[[ INFORMATION SHOWN, beginning ]]
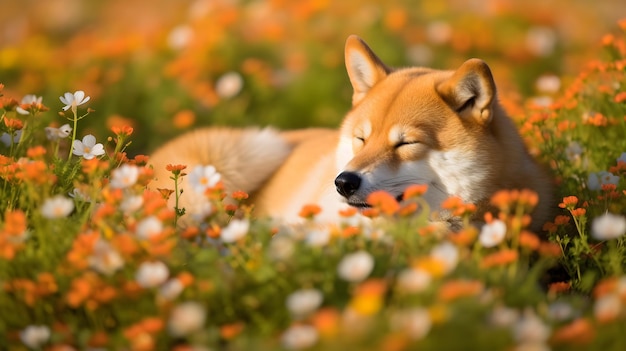 Ein Hund, der mit geschlossenen Augen in einer Blumenwiese schläft.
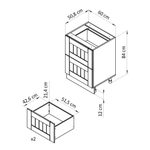 Кухонный модуль напольный Вестфалия, 60х51х84,с ящиками, массив сосны, Dipriz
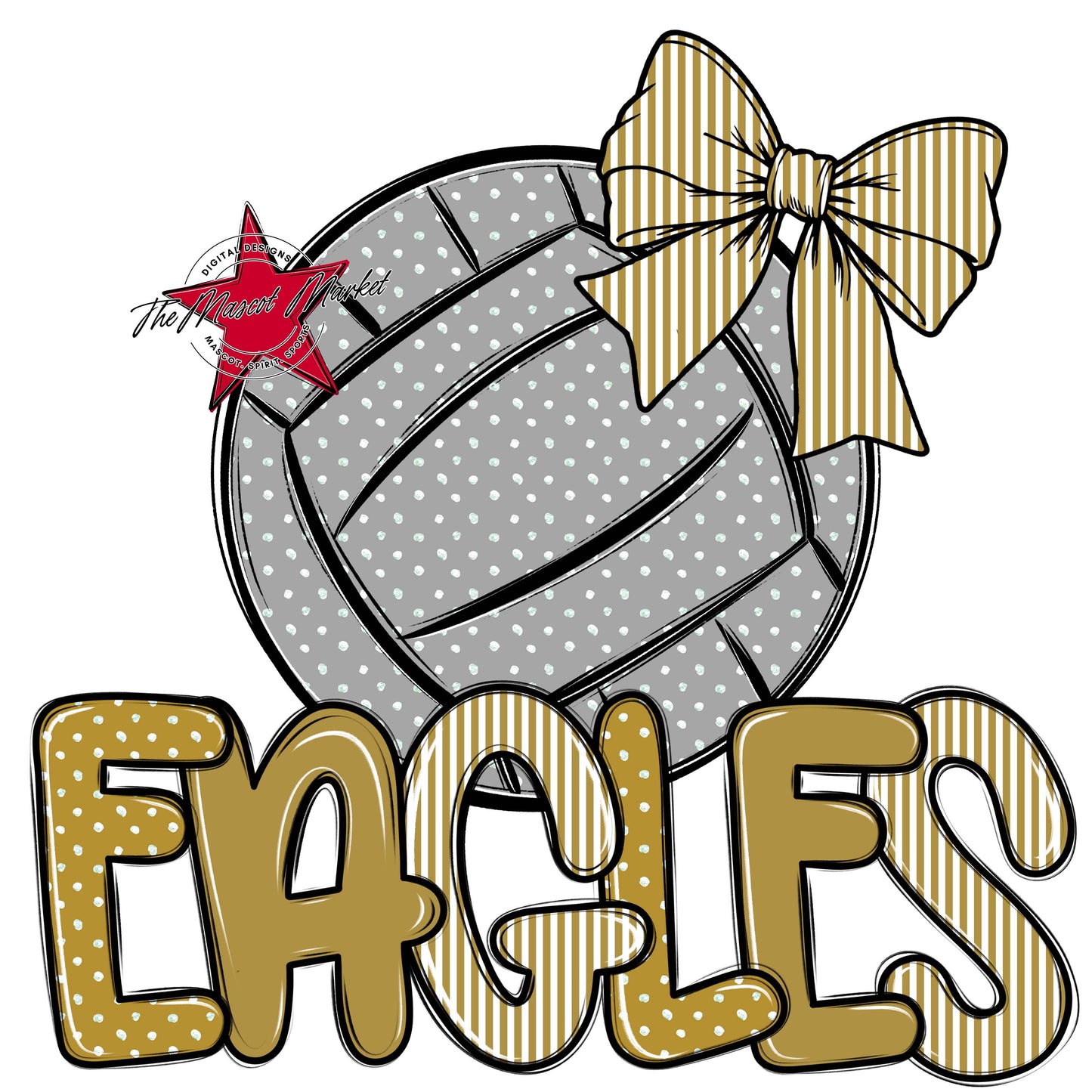 Eagles Volleyball Spirit Design-Gold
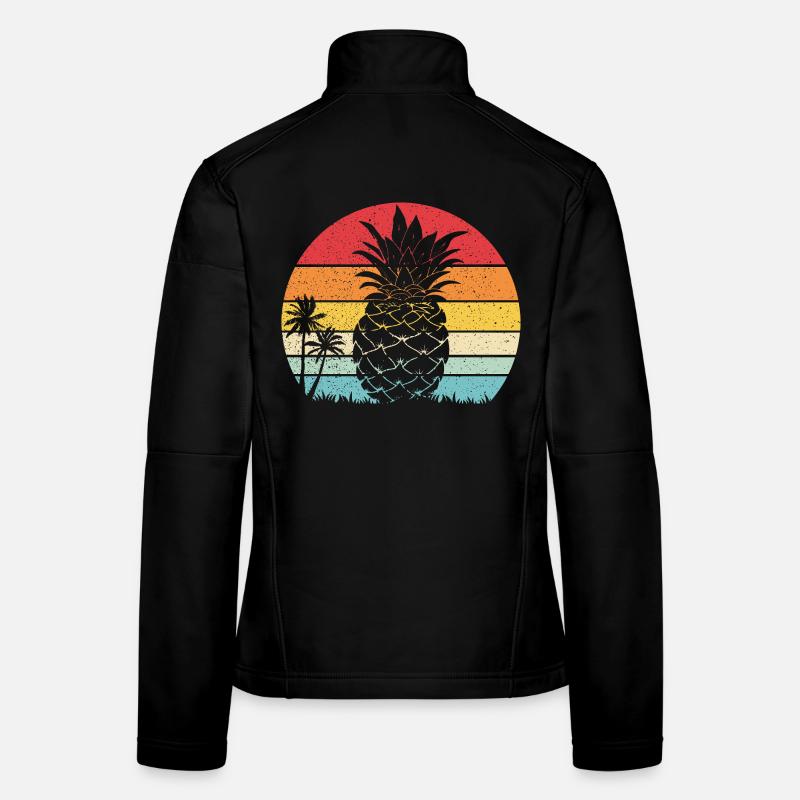 Pineapple Summer Retro Beach Vintage Sunset Women's Softshell Jacket
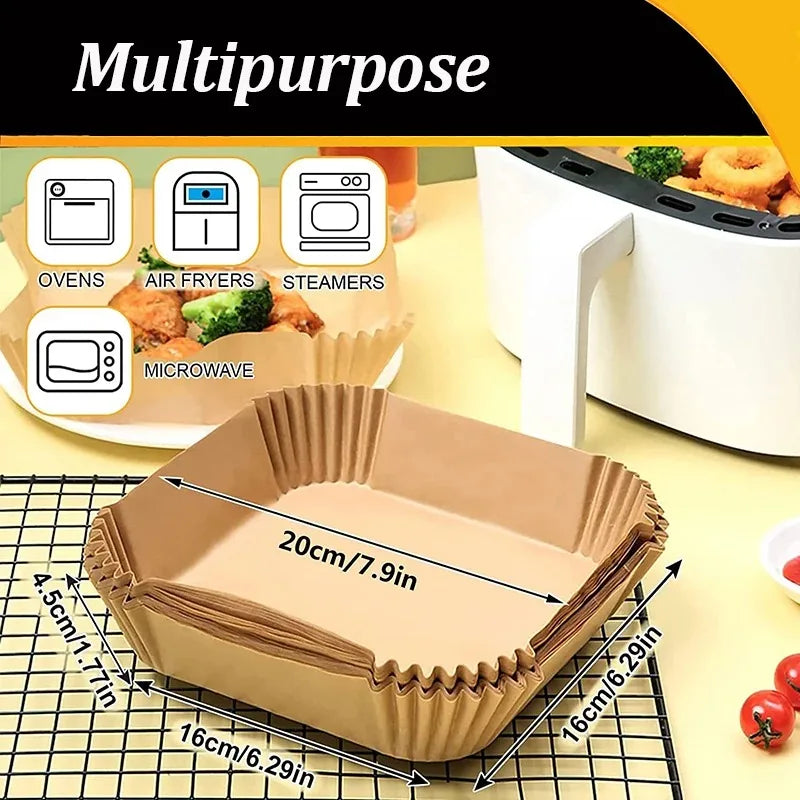 A disposable non-stick baking mat is shown with various kitchen appliances like ovens, air fryers, and microwaves in the back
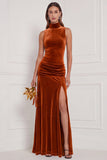 Cabernet High Neck Sheath Velvet Bridesmaid Dress with Slit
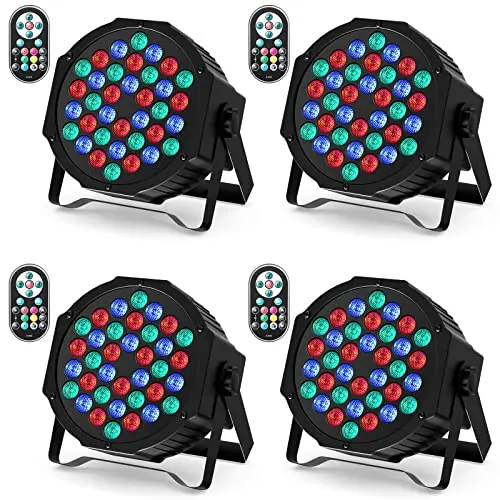 U`King 4 Piezas Foco Par LED, RGB 36 LED Luces Escenario con Control Remoto y Modo de Activación de Sonido, Luz de Discoteca para Fiestas Navidad DJ Bar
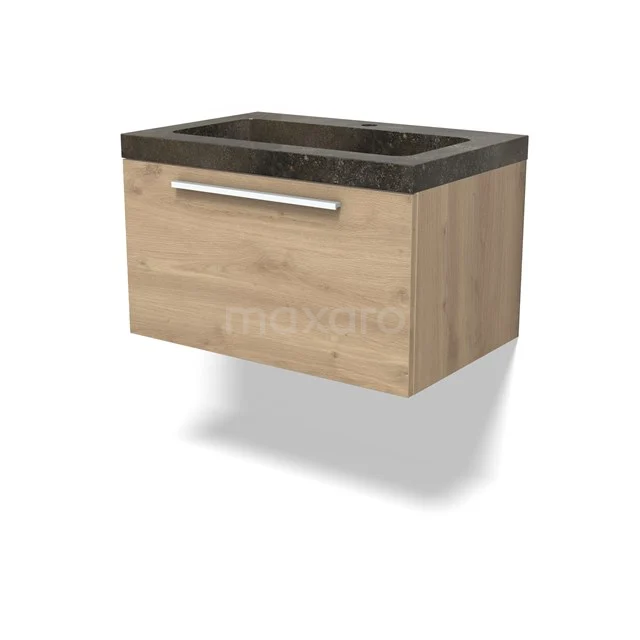 Modulo Vanity units with basin | 70 cm Light brown oak Flat front Natural stone 1 drawer BMW11-04635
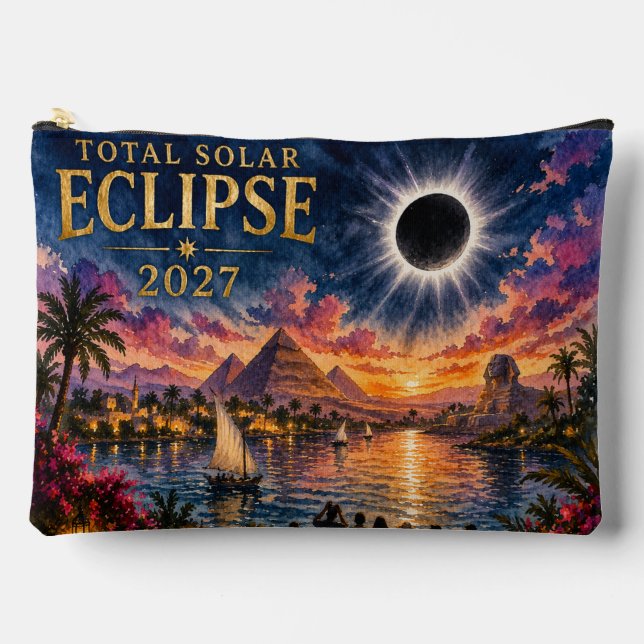 2027 Total Solar Eclipse Egypt Accessory Pouch (Front)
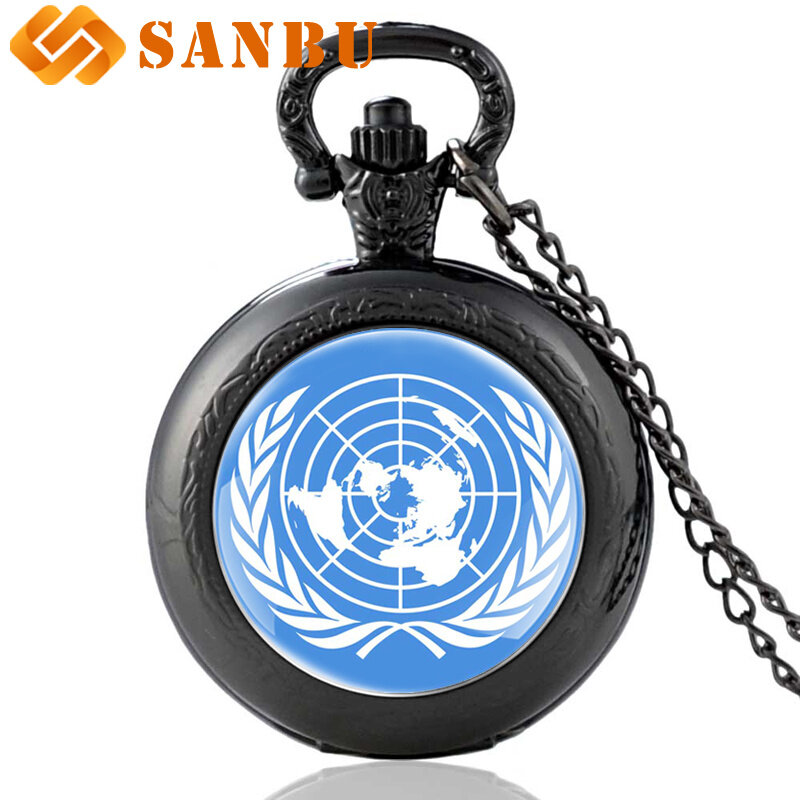 Винтажные кварцевые карманные часы из стекла с логотипом ООН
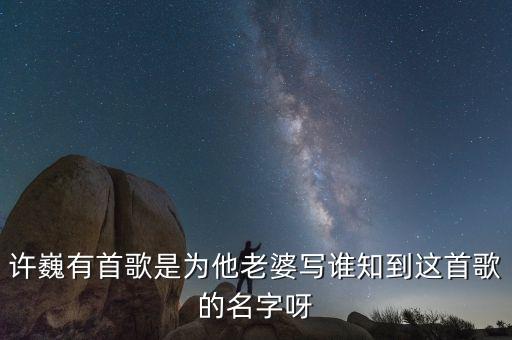 许巍有首歌是为他老婆写谁知到这首歌的名字呀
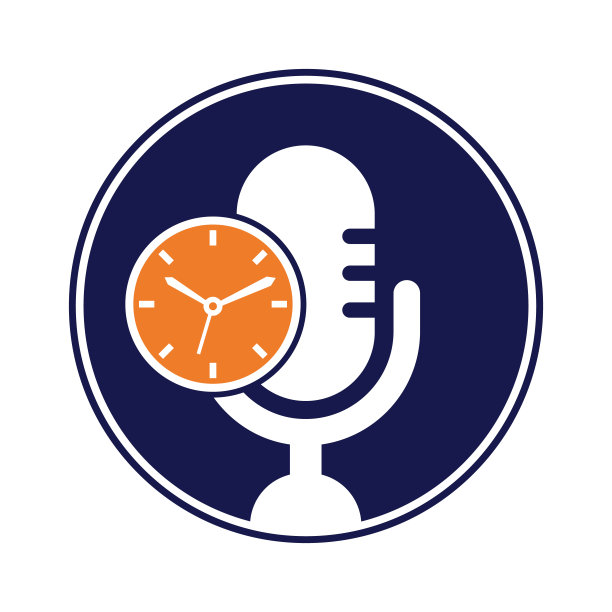 播客时间矢量标志设计模板。图片下载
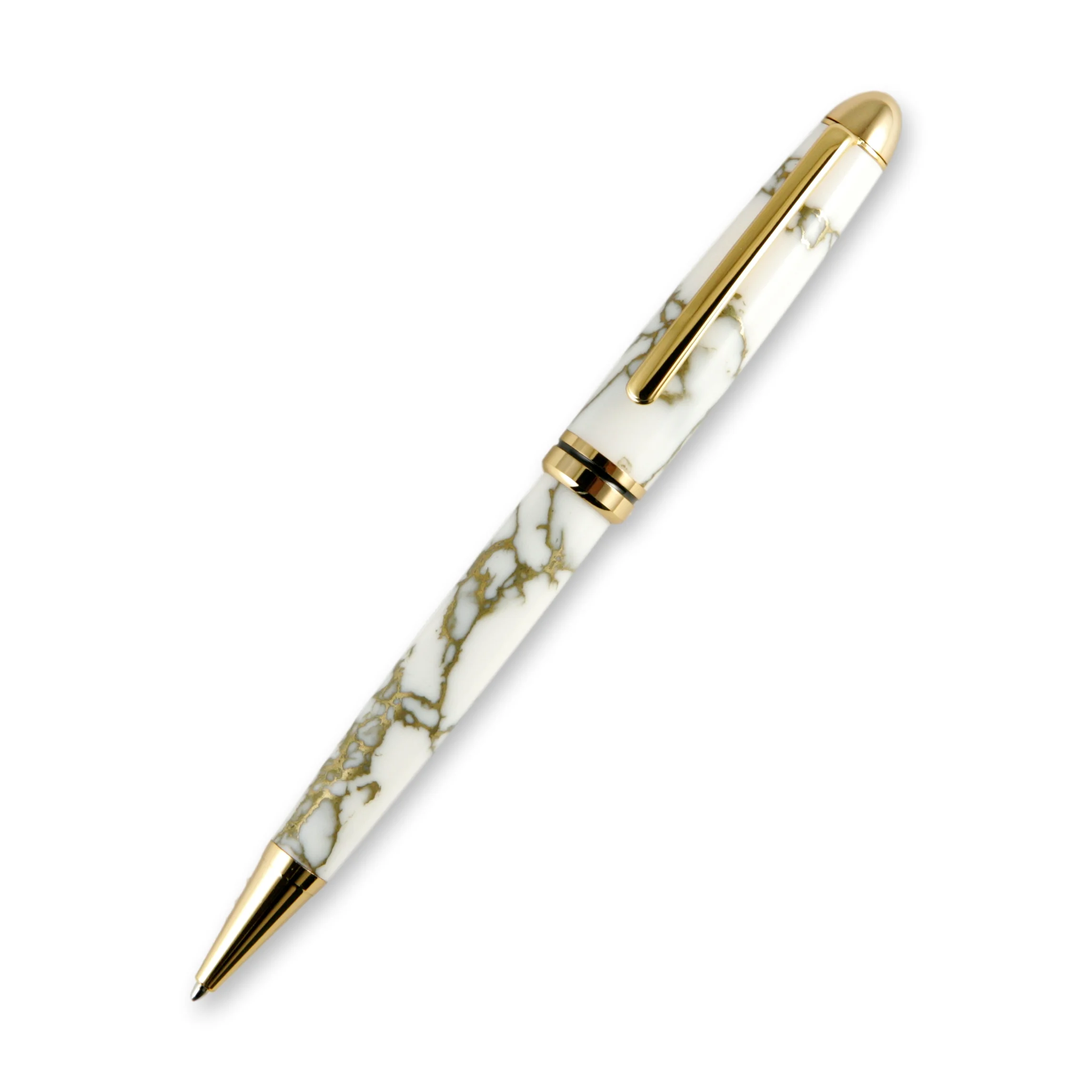 White Marble TruStone Designer 24k Gold Twist Pen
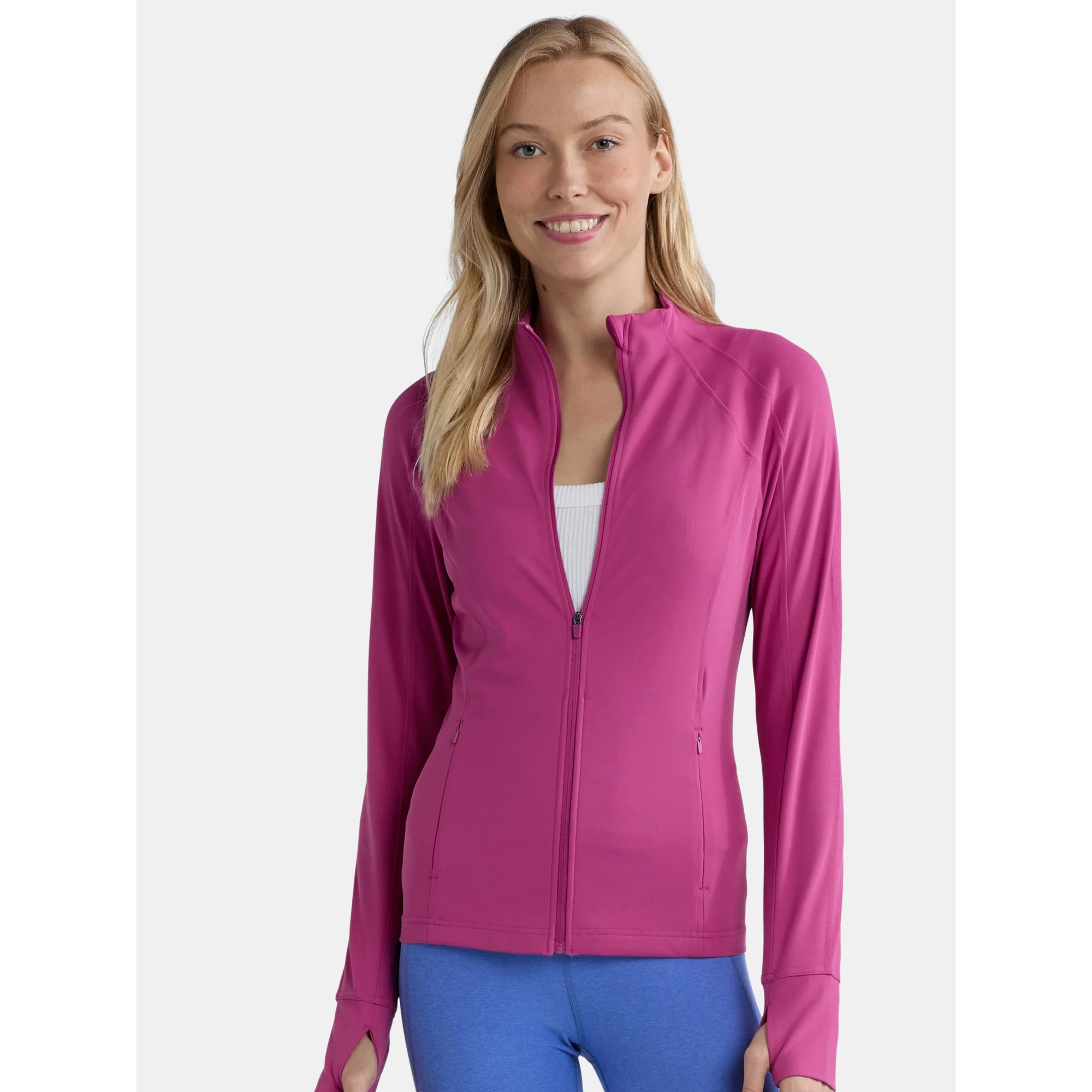 Avia Women's and Women's Plus SoftSculpt Zip-Up Active Jacket, Sizes XS-4X | Walmart (US)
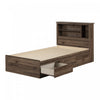 Yodi Ensemble Lit Matelot Et Tete De Lit Bibliotheque Noyer Naturel, De Meubles South Shore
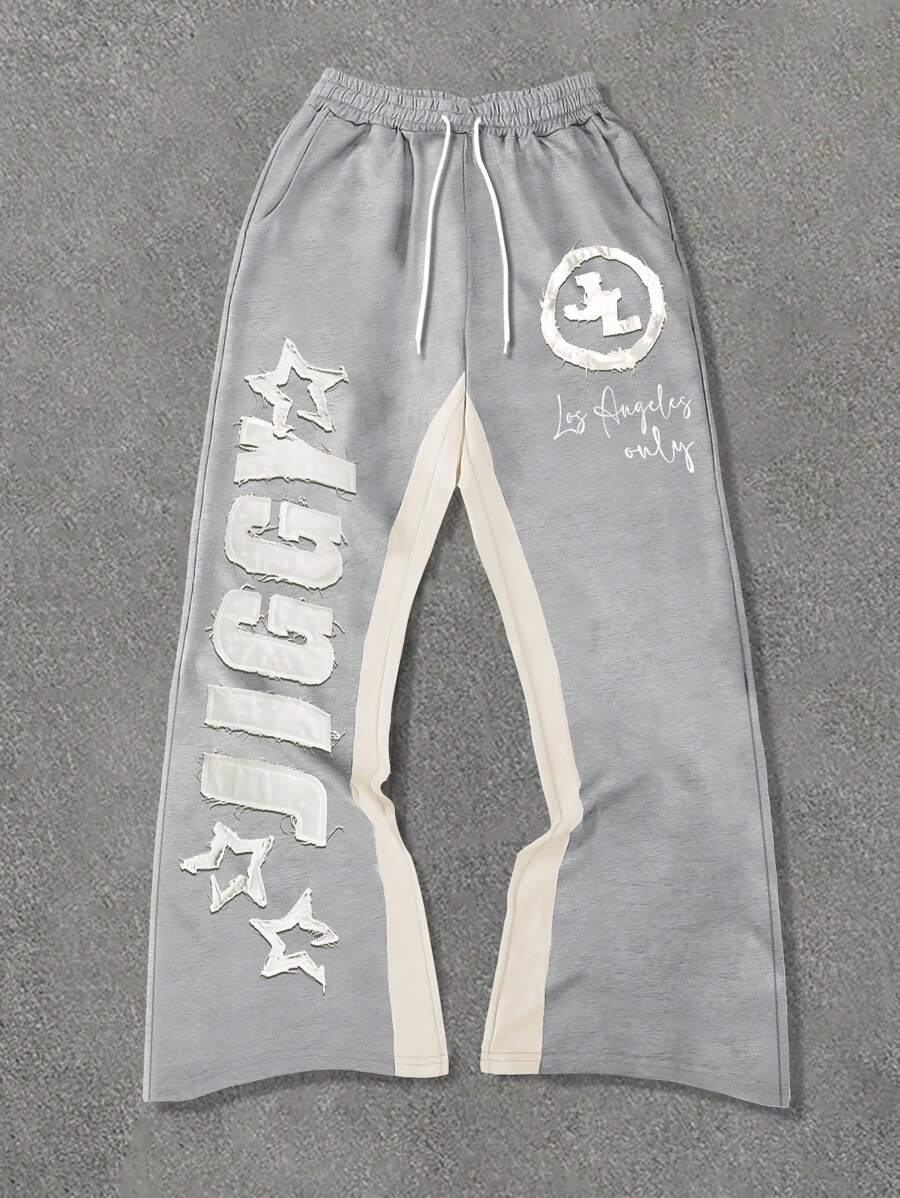 Manfinity EMRG Men's Color Block Letter Graphic Drawstring Waist Sweatpants, For Rave - Light Grey - View 1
[[ INFORMATION SHOWN, end ]]
▶ EXERCISE REQUIREMENTS
The output is the lines from the start of the data above through the line containing "Cabernet High Neck", unchanged, with any picture left out.

▶ ANSWER BELOW
 Ein Hund, der mit geschlossenen Augen in einer Blumenwiese schläft.
 Кухонный модуль напольный Вестфалия, 60х51х84,с ящиками, массив сосны, Dipriz
 Eagles Volleyball Spirit Design-Gold
 Pineapple Summer Retro Beach Vintage Sunset Women's Softshell Jacket
 A disposable non-stick baking mat is shown with various kitchen appliances like ovens, air fryers, and microwaves in the back
 Cabernet High Neck Sheath Velvet Bridesmaid Dress with Slit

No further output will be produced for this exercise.